Reproduce the listing in full, pictures excluded.

DATA =
====
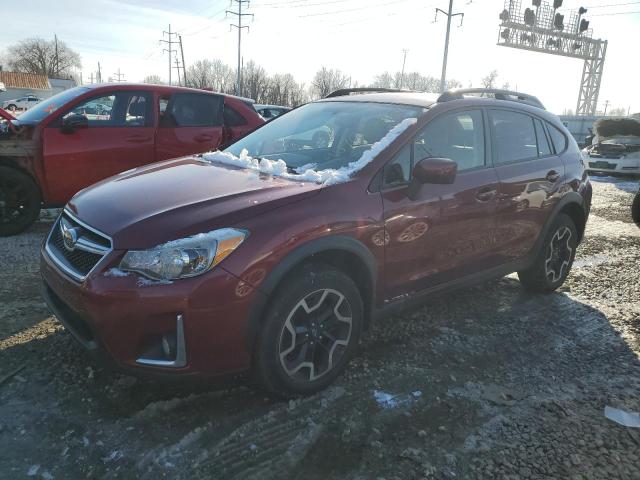 SUBARU CROSSTREK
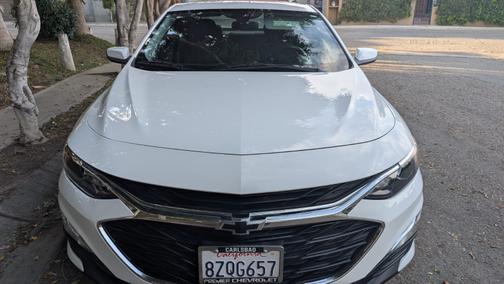 2021 Chevrolet Malibu RS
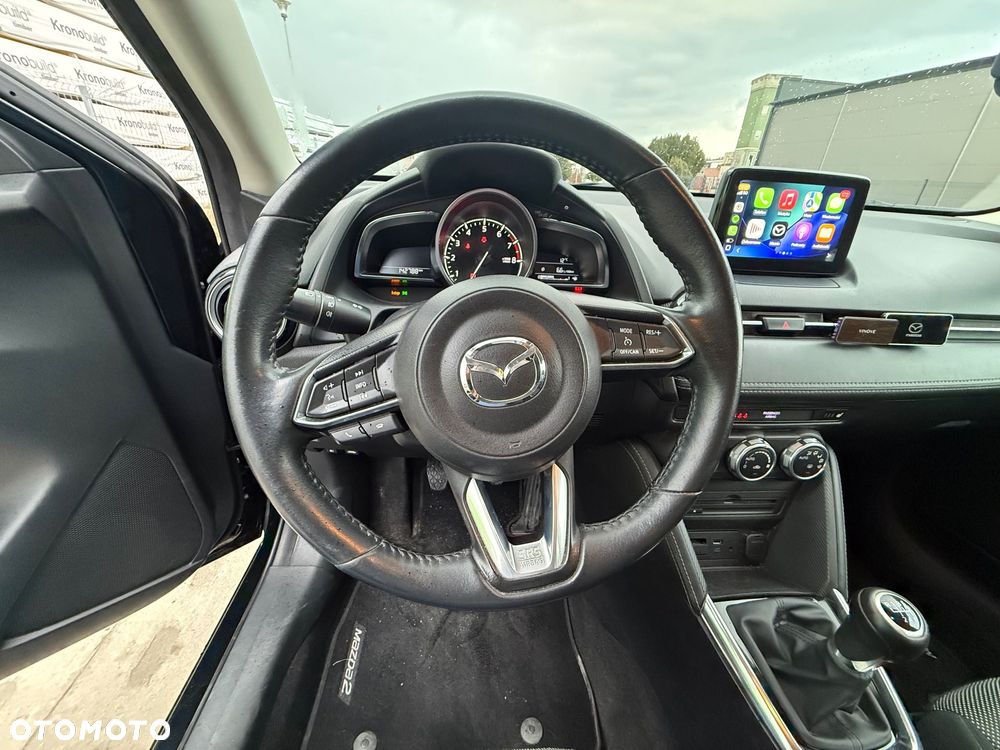 Mazda 2 1.5 Skypassion i-ELoop - 22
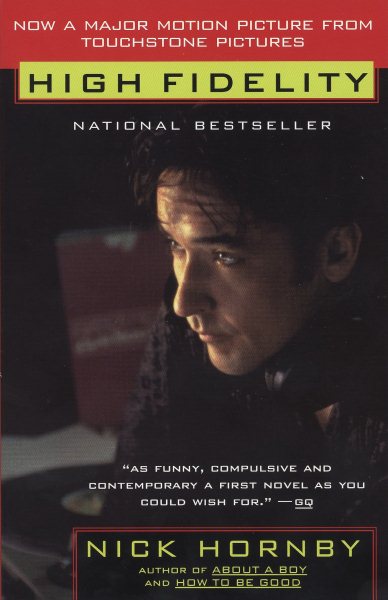 High Fidelity (Movie-tie In) : A Novel | 拾書所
====
WRITTEN REPLY =
 SUBARU CROSSTREK
 2021 Chevrolet Malibu RS
 Mazda 2 1.5 Skypassion i-ELoop - 22
 High Fidelity (Movie-tie In) : A Novel | 拾書所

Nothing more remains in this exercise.